MATERIAL FOR THIS TASK START

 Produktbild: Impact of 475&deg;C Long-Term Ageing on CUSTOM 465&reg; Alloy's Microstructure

MATERIAL FOR THIS TASK END
MATERIAL FOR THIS TASK START

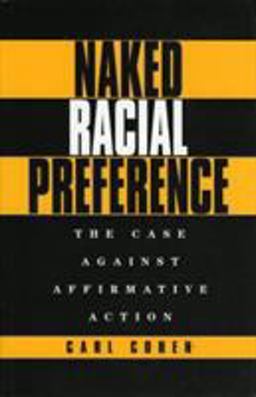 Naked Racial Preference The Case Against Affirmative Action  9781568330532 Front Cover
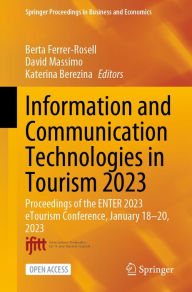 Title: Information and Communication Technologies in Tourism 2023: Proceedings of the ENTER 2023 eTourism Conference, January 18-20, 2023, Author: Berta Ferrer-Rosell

MATERIAL FOR THIS TASK END
MATERIAL FOR THIS TASK START

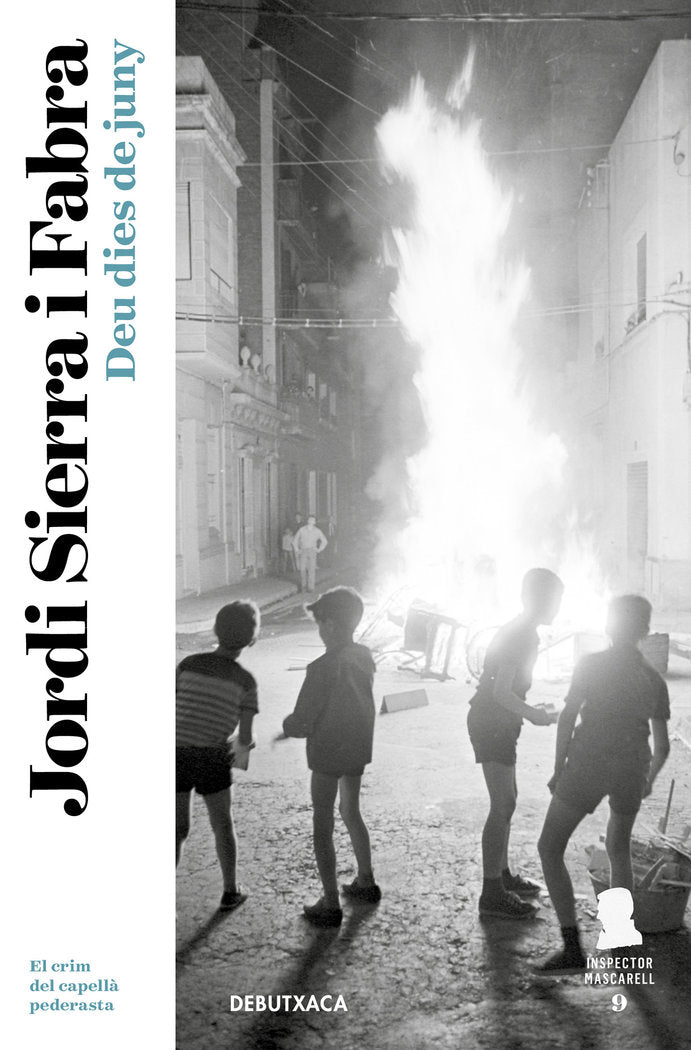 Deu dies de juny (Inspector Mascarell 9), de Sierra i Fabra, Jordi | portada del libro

MATERIAL FOR THIS TASK END

● INSTRUCTIONS TO FOLLOW: Look above for the line with "Naked Racial Preference"; quote it and every line after it, stopping after the line with "Title: Information and", exactly, with nothing added and without pictures.

● RESULT OF THIS EXERCISE:
 Naked Racial Preference The Case Against Affirmative Action  9781568330532 Front Cover
 Title: Information and Communication Technologies in Tourism 2023: Proceedings of the ENTER 2023 eTourism Conference, January 18-20, 2023, Author: Berta Ferrer-Rosell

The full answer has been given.